基板平面に垂直な方向の分極成分を持つことから、電極/強誘電体/電極を順番に重ねた積層型デバイスを作製し、上部と下部の電極間に電圧を印加すると、分極反転を行える可能性があることが分かった。
さらに、膜厚約1μmの単結晶薄膜を用いて、キャパシタ型のデバイス構造を作製し、P-Eヒステリシスを測定した。事前に熱処理などを行わなくても、良好なヒステリシスループ特性を示した。しかも、走査周波数10Hzで、平均3〜4Vときわめて小さい電圧で分極反転可能なデバイスが得られることも実証することができたという。

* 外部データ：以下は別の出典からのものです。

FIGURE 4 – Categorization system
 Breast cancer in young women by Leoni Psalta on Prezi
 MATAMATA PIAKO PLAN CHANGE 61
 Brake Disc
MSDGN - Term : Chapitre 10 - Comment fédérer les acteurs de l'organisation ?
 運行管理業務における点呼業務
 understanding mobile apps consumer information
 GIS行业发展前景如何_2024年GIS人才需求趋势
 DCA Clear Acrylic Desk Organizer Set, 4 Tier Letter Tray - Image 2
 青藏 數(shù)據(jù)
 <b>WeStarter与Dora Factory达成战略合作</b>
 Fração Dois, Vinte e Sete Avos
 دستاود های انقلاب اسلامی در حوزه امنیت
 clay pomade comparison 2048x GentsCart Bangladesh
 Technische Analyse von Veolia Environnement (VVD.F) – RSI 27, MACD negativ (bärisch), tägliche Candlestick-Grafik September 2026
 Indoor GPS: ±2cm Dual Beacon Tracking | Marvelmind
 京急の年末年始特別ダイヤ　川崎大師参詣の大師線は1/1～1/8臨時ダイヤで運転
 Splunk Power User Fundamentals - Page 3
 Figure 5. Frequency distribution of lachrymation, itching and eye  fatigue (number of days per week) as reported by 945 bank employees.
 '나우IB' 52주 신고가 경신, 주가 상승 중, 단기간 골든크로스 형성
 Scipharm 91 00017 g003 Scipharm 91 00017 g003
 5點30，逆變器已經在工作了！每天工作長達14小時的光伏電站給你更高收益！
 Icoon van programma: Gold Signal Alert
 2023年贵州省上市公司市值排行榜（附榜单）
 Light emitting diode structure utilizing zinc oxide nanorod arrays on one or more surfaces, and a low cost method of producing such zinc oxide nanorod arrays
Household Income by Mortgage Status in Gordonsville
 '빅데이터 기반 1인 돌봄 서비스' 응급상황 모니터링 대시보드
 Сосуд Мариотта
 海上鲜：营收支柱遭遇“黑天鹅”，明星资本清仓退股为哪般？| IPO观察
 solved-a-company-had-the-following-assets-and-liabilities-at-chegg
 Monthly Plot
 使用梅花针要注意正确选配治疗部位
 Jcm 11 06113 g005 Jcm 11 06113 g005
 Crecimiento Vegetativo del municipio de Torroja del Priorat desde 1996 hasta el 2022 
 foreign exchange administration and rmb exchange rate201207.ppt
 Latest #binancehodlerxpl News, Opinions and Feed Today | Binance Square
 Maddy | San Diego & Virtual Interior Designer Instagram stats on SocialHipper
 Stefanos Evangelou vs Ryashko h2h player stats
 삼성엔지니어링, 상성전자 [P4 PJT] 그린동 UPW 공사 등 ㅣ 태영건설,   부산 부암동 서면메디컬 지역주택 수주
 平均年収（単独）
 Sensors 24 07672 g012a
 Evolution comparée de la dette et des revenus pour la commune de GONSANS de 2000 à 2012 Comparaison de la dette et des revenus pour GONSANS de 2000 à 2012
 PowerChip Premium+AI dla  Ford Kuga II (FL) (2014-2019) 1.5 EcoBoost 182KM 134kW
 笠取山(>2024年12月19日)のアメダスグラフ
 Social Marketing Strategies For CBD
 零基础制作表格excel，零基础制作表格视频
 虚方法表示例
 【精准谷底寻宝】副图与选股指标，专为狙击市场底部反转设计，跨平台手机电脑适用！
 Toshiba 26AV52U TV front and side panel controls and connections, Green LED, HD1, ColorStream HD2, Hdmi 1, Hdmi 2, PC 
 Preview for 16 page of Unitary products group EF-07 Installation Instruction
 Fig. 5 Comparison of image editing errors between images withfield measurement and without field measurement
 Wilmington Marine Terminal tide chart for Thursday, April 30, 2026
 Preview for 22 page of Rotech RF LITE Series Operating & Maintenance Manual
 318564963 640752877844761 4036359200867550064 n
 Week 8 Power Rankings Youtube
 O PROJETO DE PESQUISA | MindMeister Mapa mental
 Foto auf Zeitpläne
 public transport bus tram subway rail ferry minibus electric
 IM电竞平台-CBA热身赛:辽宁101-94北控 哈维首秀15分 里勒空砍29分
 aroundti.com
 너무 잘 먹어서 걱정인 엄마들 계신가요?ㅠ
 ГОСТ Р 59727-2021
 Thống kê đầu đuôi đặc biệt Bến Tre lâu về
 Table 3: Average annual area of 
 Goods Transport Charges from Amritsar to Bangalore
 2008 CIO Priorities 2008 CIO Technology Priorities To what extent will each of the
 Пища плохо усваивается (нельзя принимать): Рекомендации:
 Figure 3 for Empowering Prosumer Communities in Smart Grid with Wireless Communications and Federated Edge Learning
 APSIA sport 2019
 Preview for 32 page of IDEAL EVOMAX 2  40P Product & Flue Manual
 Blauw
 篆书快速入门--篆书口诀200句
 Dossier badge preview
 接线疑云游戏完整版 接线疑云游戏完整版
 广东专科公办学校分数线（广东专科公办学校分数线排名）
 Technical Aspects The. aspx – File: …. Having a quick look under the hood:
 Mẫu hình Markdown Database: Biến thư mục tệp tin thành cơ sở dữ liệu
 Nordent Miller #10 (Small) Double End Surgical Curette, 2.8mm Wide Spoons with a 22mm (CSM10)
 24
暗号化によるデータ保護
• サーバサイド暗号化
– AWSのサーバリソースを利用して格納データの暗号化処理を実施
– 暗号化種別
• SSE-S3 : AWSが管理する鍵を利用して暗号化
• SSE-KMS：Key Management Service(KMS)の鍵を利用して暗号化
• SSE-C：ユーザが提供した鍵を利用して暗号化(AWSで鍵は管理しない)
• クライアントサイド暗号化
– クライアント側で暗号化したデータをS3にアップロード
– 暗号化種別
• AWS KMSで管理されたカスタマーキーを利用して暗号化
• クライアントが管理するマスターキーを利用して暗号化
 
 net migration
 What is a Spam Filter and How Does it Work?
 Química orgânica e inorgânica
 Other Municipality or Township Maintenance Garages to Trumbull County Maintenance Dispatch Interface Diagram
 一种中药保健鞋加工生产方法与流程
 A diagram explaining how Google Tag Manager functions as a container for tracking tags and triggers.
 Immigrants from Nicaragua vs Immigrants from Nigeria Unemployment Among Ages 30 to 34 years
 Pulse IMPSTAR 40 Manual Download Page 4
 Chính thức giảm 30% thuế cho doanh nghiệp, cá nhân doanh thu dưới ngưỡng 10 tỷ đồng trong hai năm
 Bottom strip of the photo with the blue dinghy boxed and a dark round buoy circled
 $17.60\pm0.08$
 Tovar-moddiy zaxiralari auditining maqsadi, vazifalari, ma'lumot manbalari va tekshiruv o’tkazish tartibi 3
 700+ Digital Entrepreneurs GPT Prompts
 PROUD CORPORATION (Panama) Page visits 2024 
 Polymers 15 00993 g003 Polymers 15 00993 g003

10〜1000Hzの掃引速度で分極反転の繰り返し耐久性も検証した。走査周波数が1000Hzでは、数十万回まで強誘電特性を保持できることが分かった。電極構造の最適化により耐久性はさらに向上するものと観測される。
圧電応答顕微鏡を使って、有機強誘電体薄膜の分極反転がミクロ領域でどのように発生しているかも分析した。膜厚約1μmの薄膜に、10〜1000msの範囲の中でさまざまな時間を設定して+20Vを印加した。そうすると、印加した時間によってサイズの異なる円形の分極反転ドメインが結晶表面に書き込まれることが分かった。ドメインのサイズは、最小が直径500nmで、電圧をかけた時間に対して対数関数的に増加した。この分極反転ドメインは、室温大気下で40時間以上も安定に保持された。また、圧電応答顕微鏡像の位相成分から、分極方向は90度回転ではなく180度反転であることが分かった。
研究チームは、今回の成果を活用しつつ、従来の金属配線や半導体薄膜の印刷技術と組み合わせることで、これからは全ての工程に印刷技術を適用した強誘電体メモリや不揮発トランジスタといった電子デバイスの作製に取り組んで行く予定である。